Anlamın cenabeti, mantığımızın ve ona sarkan cüzzamımız olan uzayın nefsine boyun eğmenin sahiciliğidir. İçimizdeki ayrı iki ses, iki ayrı yerde duramayacağını, sadece bir tek yerde kendini temsil edebileceğini anlayarak birbirinden ayrılırken düşünsel hegemonyamızın intiharında hakemlik yapan ölüm de aramızdan çekilip gitmiştir. Bizden başka kimse kalmamıştır. İnsanlık adına doğallaşan bu tezata yaslanmanın çelişkisi, onu hayata getiren bütün serseriliğin şartlılığı estet saflığımızı ceninimizin vitrinine sokar.

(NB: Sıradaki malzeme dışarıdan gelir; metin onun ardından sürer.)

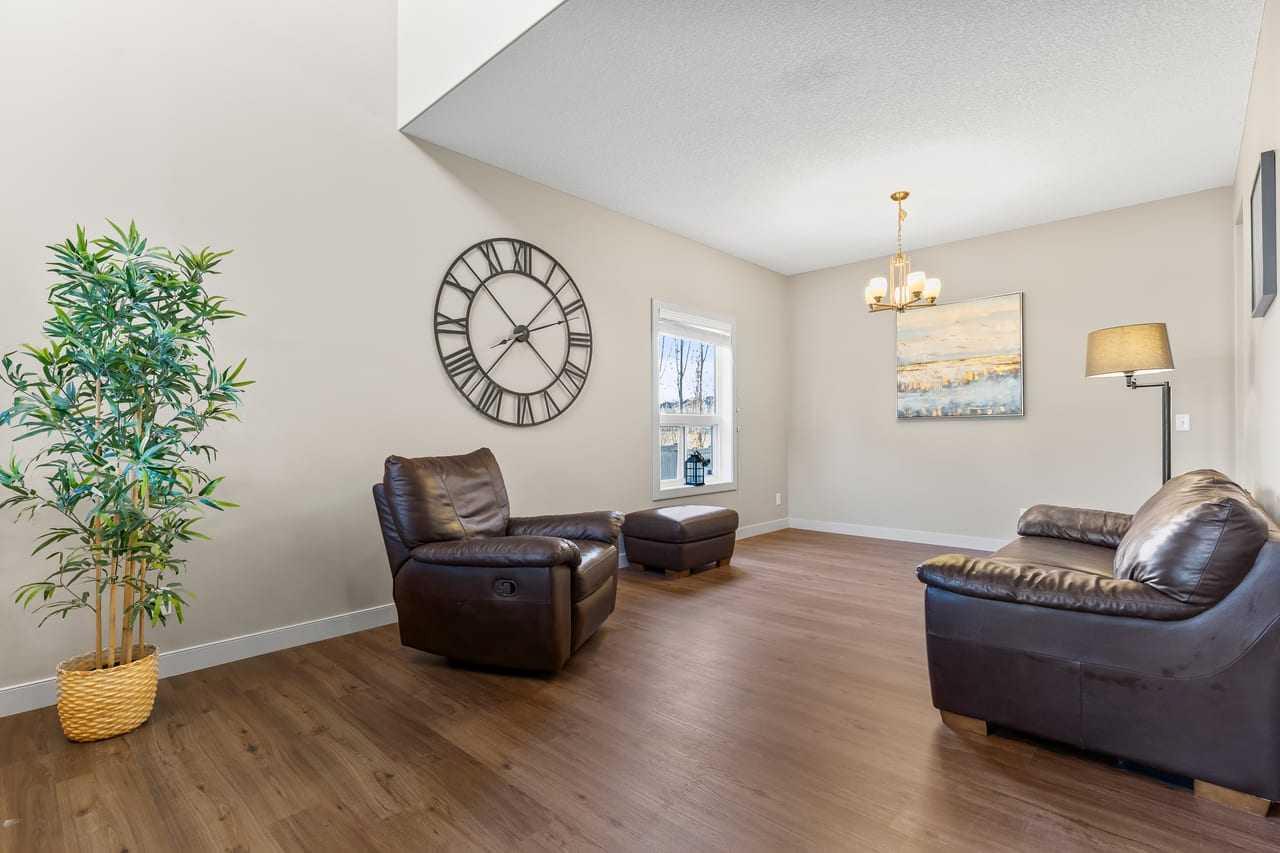 38 Everhollow Green SW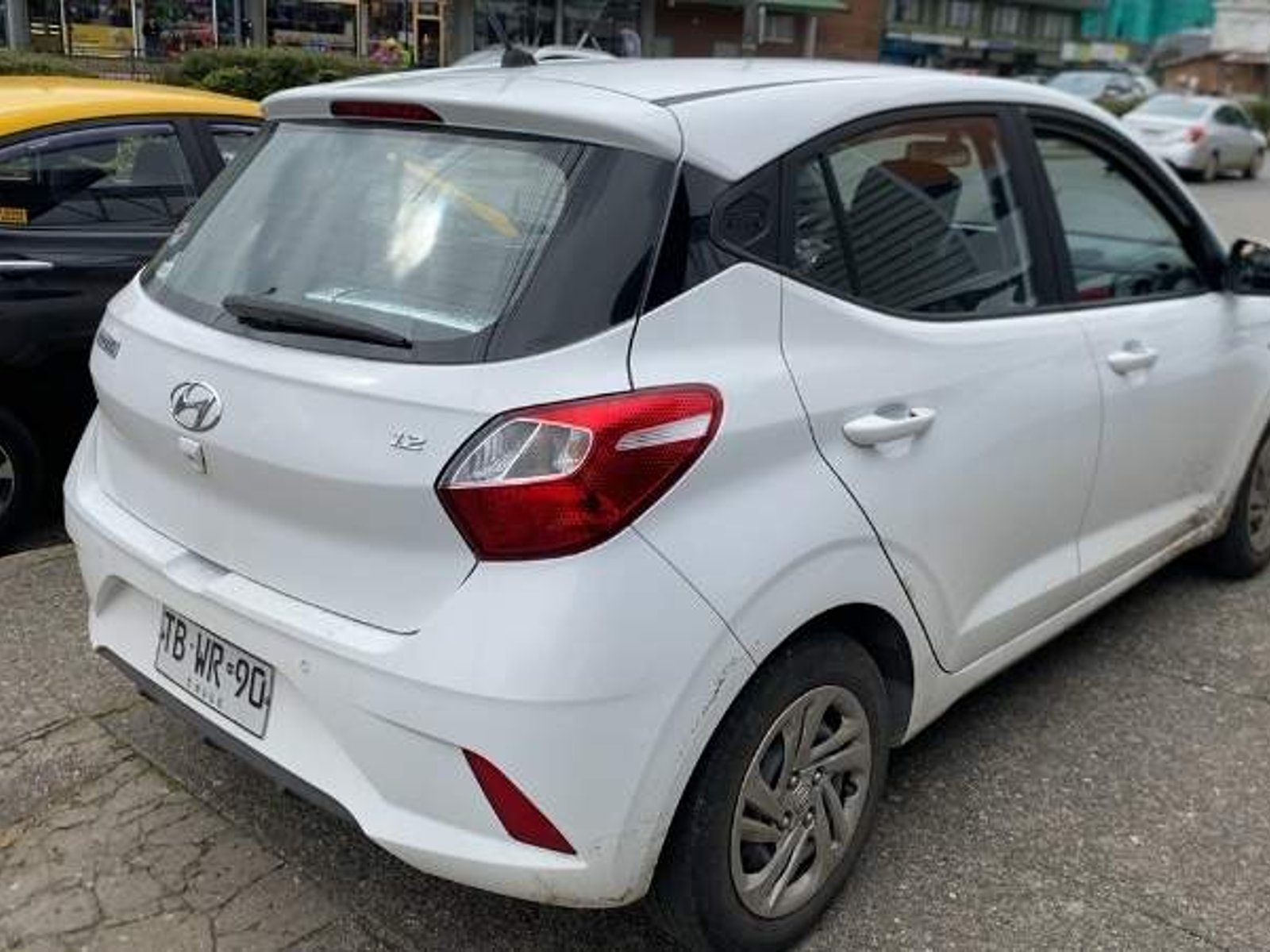Hyundai Grand I10 1.2 Plus 4x2 Hb Mt 5p 2024 - Foto 4 de 5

Herkes doğmamanın ve gitmemenin hızla kendisine yaklaştığı gamsız bir modaya varır. Ölmüş olmayı bile tercih edemeyeceğimiz bu meçhûlün sanrısı bizim kendimizi işgalimizdir.
Kimse bizi üzemez, madem öleceksek.
Şehir öyle uyanmalı ki, kimse farkına varmamalı ikimizin. Seninle konuşmamızın kimseye faydası yok oysa, bizim şu an paylaştığımızda gizli olan gelecek bizimle olması içindi.